Consider the quadrature method $$ \int_{-1}^1f(x)dx \approx \sum_{k=0}^N w_kf(x_k), $$ where $x_0=-1, x_N=1$, and $x_1,\ldots,x_{N-1}$ are the roots of the derivative of the degree-$N$ Legendre polynomial $P'_N$. This is called Lobatto quadrature, and it is exact if $f$ is a polynomial of degree less than or equal to $2N-1$. There is a standard proof of of this fact relying on polynomial long division.

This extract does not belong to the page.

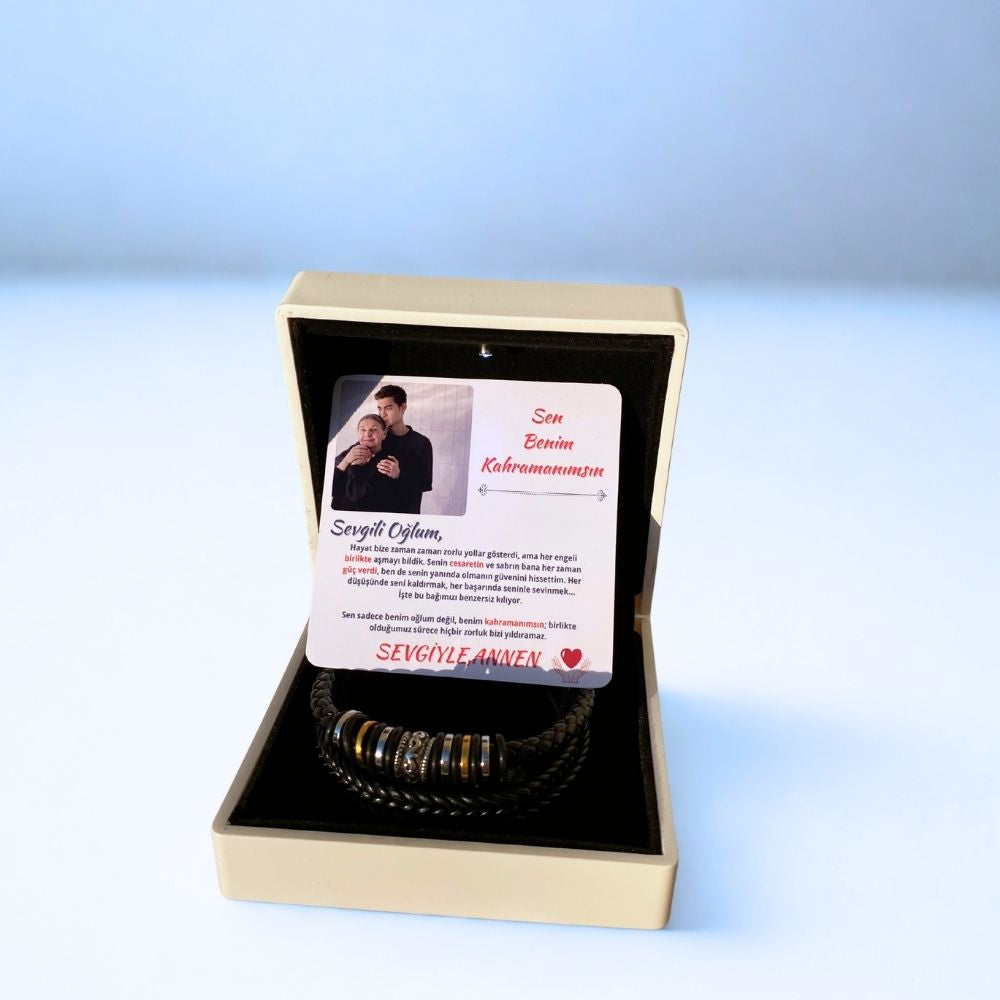 Sevgili Oğluma - Üçlü Deri ve Halkalı Bileklik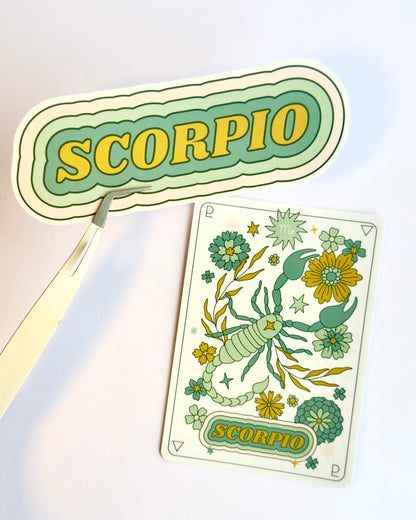 Scorpio Zodiac Sticker Bundle - Teal | Star Sign Word & Tarot Card Vinyl Stickers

My question is about an unusual alleged proof which introduces a basis to avoid long division. I'm told the argument is invalid, but I cannot find fault with it. It uses the facts that the $P_N$ are orthogonal in the unweighted inner product on $C([-1, 1])$, and that $(x^2-1)P'_N(x) \propto xP_N(x)-P_{N-1}(x)$, which are not proved here. Also, $\mathscr{P}_N$ denotes the vector space of polynomials of degree at most $N$. The (potentially flawed) proof follows:
It suffices to show that the quadrature is exact on the elements of any basis for $\mathscr{P}_{2N-1}$. Consider the basis $$ 1,x,\ldots,x^{N-2},P_N'(x),(x-1)P_N'(x),(x^2-1)P_N'(x), x(x^2-1)P_N'(x),\ldots,x^{N-2}(x^2-1)P_N'(x). $$ Since the $x_k$ are distinct, we may choose $w_k$ so that the quadrature is exact for all polynomials with degree $\leq n$, so we need only concern ourselves with those basis terms which are divisible by $(x^2-1)P_N'(x)$. For these, the quadrature rule always gives 0, since each $x_k$ is a root of $(x^2-1)P_N'(x)$. This is correct, as $$ \int_{-1}^1x^m(x^2-1)P_N'(x)dx \propto \int_{-1}^1x^m(xP_N(x)-P_{N-1}(x))dx = \langle x^{m+1}, P_N(x) \rangle - \langle x^{m}, P_{N-1}(x) \rangle. $$ By properties of the Legendre polynomials, the inner products vanish when $m\leq N-2$, so the true integral equals zero, the same as the quadrature rule! Linearity allows us to say that the rule is exact for all polynomials of degree $\leq 2N-1$, since it is exact for a basis.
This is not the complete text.